“Addiction is an adaptation,” says Lisa Neumann, CPC life skills and recovery coach and author of Sober Identity: Tools for Reprogramming an Addictive Mind. “It’s the cage we built to function in the world, yet we don’t see we are both architect/builder and architect/destroyer. My job is to ask questions that make my client think—deeply—about the meaning of their life, their philosophy and their purpose for being on Earth.”
“Recovery coach,” “sober coach,” “sober companion,” “recovery manager,” “recovery support specialist,” “recovery guide”—peer recovery support professionals go by many names. Their paid services, meant to help initiate and sustain recovery efforts, are provided by non-clinicians whose primary credential is their personal experience—with plenty of attendant controversy.

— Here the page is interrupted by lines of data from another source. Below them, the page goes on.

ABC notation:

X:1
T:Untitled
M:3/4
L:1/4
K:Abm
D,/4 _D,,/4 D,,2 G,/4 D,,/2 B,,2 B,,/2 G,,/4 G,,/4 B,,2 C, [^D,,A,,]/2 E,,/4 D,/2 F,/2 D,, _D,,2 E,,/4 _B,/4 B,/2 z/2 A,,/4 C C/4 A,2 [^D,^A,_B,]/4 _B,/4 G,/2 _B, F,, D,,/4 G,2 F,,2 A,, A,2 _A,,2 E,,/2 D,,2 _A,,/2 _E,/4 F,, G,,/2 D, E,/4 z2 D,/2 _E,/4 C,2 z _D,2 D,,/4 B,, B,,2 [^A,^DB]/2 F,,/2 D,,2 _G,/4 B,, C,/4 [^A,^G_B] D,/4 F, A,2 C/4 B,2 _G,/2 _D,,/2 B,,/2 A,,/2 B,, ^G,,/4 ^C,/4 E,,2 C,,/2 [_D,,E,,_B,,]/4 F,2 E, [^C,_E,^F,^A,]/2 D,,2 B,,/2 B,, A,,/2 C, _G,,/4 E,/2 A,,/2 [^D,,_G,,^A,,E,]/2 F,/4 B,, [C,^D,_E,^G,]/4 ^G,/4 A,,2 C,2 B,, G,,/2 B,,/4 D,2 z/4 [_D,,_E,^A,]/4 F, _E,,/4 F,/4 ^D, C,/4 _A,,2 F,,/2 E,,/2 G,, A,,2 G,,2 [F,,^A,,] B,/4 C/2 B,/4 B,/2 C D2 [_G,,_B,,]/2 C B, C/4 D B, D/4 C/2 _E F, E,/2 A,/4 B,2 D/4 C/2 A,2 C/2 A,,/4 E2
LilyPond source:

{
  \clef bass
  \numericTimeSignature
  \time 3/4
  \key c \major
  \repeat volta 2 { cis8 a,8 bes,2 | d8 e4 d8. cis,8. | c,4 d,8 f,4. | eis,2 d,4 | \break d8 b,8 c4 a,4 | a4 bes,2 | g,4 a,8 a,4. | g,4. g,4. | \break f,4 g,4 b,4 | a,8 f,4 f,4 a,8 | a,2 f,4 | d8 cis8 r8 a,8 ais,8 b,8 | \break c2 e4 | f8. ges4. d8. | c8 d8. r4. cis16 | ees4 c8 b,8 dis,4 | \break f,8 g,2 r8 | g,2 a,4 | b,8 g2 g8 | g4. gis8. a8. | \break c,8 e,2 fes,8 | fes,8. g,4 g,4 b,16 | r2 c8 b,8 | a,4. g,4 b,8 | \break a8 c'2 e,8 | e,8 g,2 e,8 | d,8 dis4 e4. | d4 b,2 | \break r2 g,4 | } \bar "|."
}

The sharing of recovery experience is deeply rooted in addiction treatment, but the specialization of this kind of support has undergone rapid growth in the past decade. It has remained largely unregulated, and there is no way to determine exactly to what degree the field has grown; but indicators include the rapid increase in peer recovery support schools, programs, organizations and associations, and in recent years, the emergence of regulating boards in hospitals and state governments.
The field is also firmly established in tabloids and popular culture.

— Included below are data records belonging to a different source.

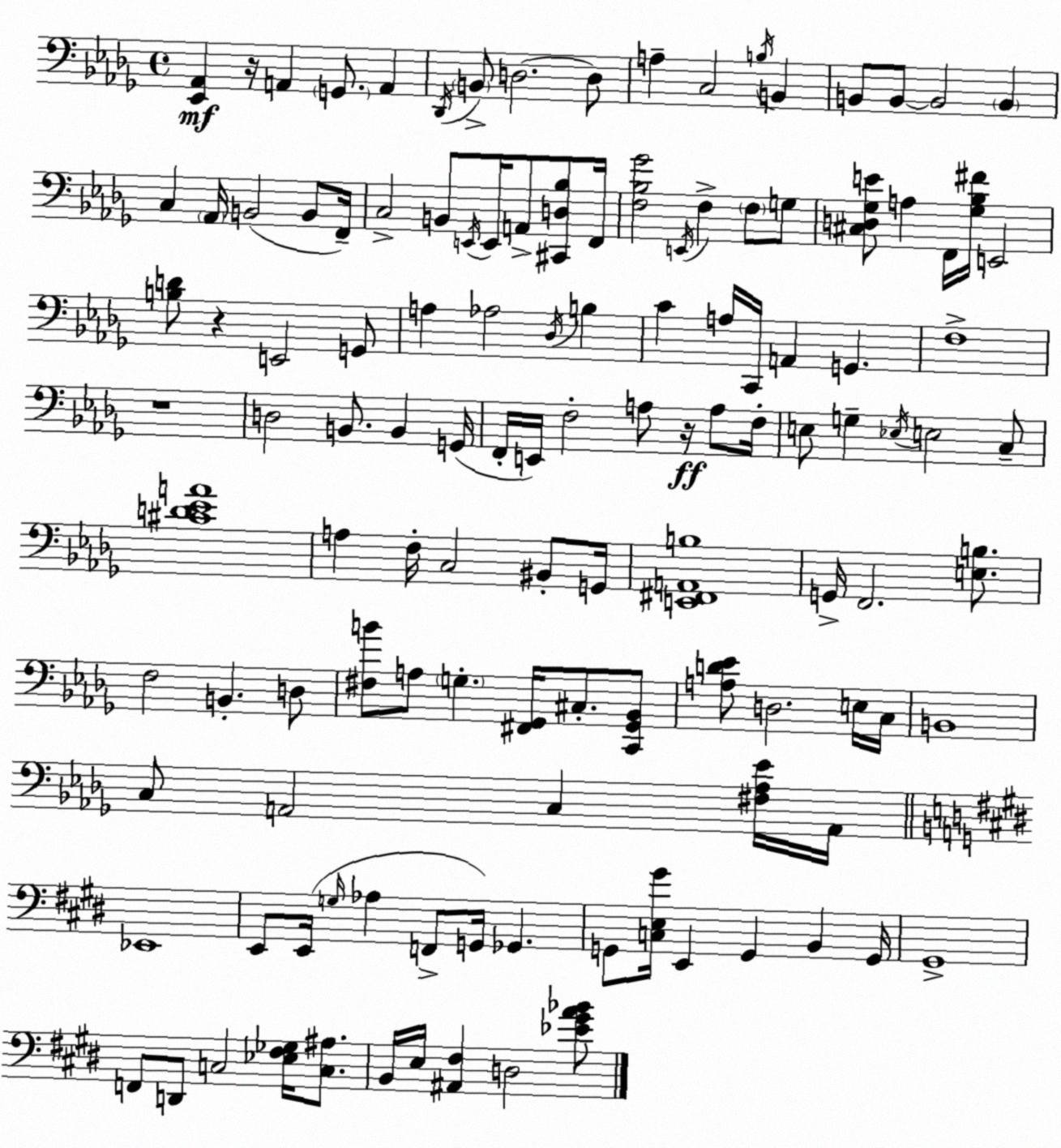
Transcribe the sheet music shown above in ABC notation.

X:1
T:Untitled
M:4/4
L:1/4
K:Bbm
[_E,,_A,,] z/4 A,, G,,/2 A,, _D,,/4 B,,/2 D,2 D,/2 A, C,2 B,/4 B,, B,,/2 B,,/2 B,,2 B,, C, _A,,/4 B,,2 B,,/2 F,,/4 C,2 B,,/2 E,,/4 E,,/4 A,,/2 [^C,,D,_B,]/2 F,,/4 [F,_B,_G]2 E,,/4 F, F,/2 G,/2 [^C,D,_G,E]/2 A, F,,/4 [_G,_B,^F]/4 E,,2 [B,D]/2 z E,,2 G,,/2 A, _A,2 _D,/4 B, C A,/4 C,,/4 A,, G,, F,4 z4 D,2 B,,/2 B,, G,,/4 F,,/4 E,,/4 F,2 A,/2 z/4 A,/2 F,/4 E,/2 G, _E,/4 E,2 C,/2 [^CD_EA]4 A, F,/4 C,2 ^B,,/2 G,,/4 [E,,^F,,A,,B,]4 G,,/4 F,,2 [E,B,]/2 F,2 B,, D,/2 [^F,B]/2 A,/2 G, [^F,,_G,,]/4 ^C,/2 [C,,_G,,_B,,]/2 [A,D_E]/2 D,2 E,/4 C,/4 B,,4 C,/2 A,,2 C, [^F,_A,_E]/4 A,,/4 _E,,4 E,,/2 E,,/4 G,/4 _A, F,,/2 G,,/4 _G,, G,,/2 [C,E,^G]/4 E,, G,, B,, G,,/4 ^G,,4 F,,/2 D,,/2 C,2 [_E,^F,_G,]/4 [C,^A,]/2 B,,/4 E,/4 [^A,,^F,] D,2 [_E^GA_B]/2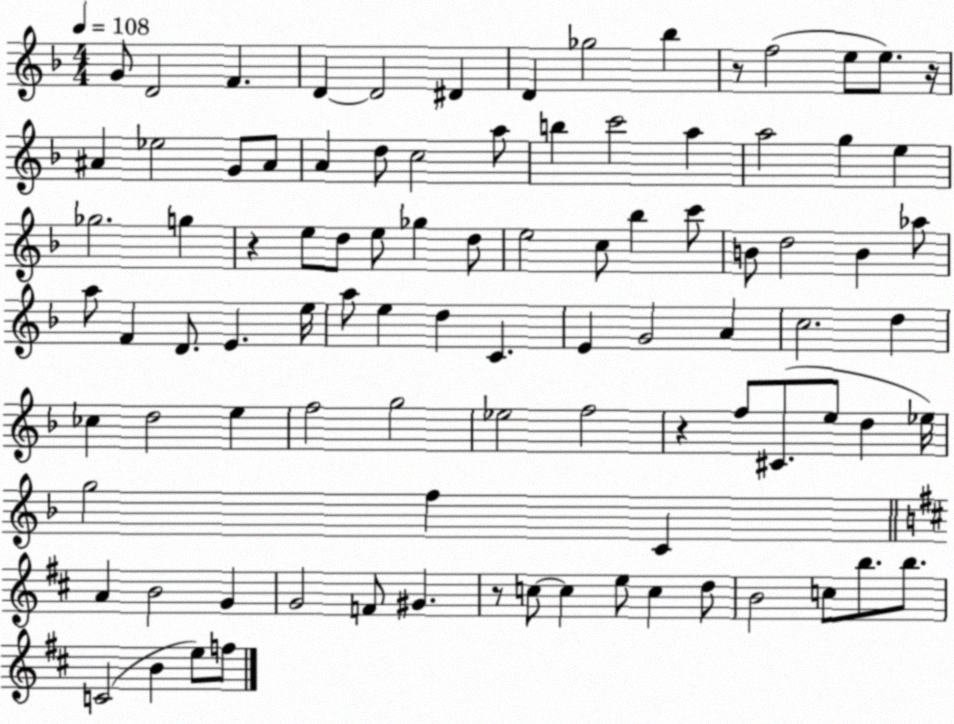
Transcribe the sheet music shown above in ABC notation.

X:1
T:Untitled
M:4/4
L:1/4
K:F
G/2 D2 F D D2 ^D D _g2 _b z/2 f2 e/2 e/2 z/4 ^A _e2 G/2 ^A/2 A d/2 c2 a/2 b c'2 a a2 g e _g2 g z e/2 d/2 e/2 _g d/2 e2 c/2 _b c'/2 B/2 d2 B _a/2 a/2 F D/2 E e/4 a/2 e d C E G2 A c2 d _c d2 e f2 g2 _e2 f2 z f/2 ^C/2 e/2 d _e/4 g2 f C A B2 G G2 F/2 ^G z/2 c/2 c e/2 c d/2 B2 c/2 b/2 b/2 C2 B e/2 f/2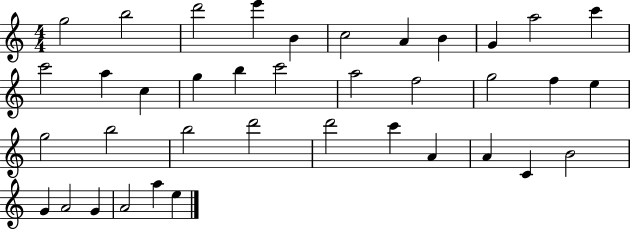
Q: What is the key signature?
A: C major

A slew of celebrities—Owen Wilson, Robert Downey Jr. and Lindsay Lohan—have allegedly hired sober companions to help them stay off drugs. Starting in 2012, Lucy Liu began depicting a recovery coach on the hit CBS show Elementary (pictured above). Media stories—Live-In Sober Coaches Offer Wealthy Expensive New Way To Stay Clean; Why Sober Coaches Earn $1000 A Day; A Companion To Protect Addicts From Themselves—have largely portrayed these roles as overpaid babysitters. But peer recovery support specialists may assist people with goal-setting, education, employment, healthcare, housing, daycare, transportation and legal support.
This kind of support has previously been provided by outreach workers, case managers, volunteers and clinically trained professionals. Yet amid increasing demand for personalized, affordable treatment services, the peer-to-peer support business has mushroomed.
As the role’s myriad names suggest, recovery coaching has diverse definitions, applied very differently around the country—and this flexibility is arguably one of its strengths.
“There are many pathways to recovery,” says Jill Petsel, executive director of Minnesota Recovery Connection, one of five Recovery Community Organizations (RCOs) accredited by the Council on Accreditation of Peer Recovery Support Specialists (CAPRSS). “The philosophy we are using around recovery coaching, which is also where the state of Minnesota is going as this becomes a paid position, is to ensure that the person is at the center of the program. The coach’s role is to help that person navigate the system—if they are in the initial stages of recovery, what kind of treatment are they looking for?”
This personalized approach can make recovery coaching an appealing option for people struggling with addiction. “I did the inpatient rehabs, the outpatient rehabs, the sober houses—all of it,” says Stephanie, a 32-year old New Yorker who identifies as a recovering alcoholic. “My recovery coach did not have all the credentials my doctors had, but she was the first person I came across who didn’t make me feel like an addicted cog in a one-size-fits-all wheel.”
Rehabs and other recovery services frequently come under scrutiny for offering exclusively 12-step-oriented services. So recovery coaches, whose role is to adapt to various stages and modalities of recovery, as well as to individual preferences, are potentially filling an important demand for alternatives—despite the fact that they are not treatment providers, nor intended to exist in lieu of treatment.
“We put the person in the middle,” Petsel adds. “Instead of saying ‘Here’s the program and you have to fit into it,’ we say, ‘Here’s the individual—let’s find out what is going to work for them, and then navigate whatever barriers exist.’”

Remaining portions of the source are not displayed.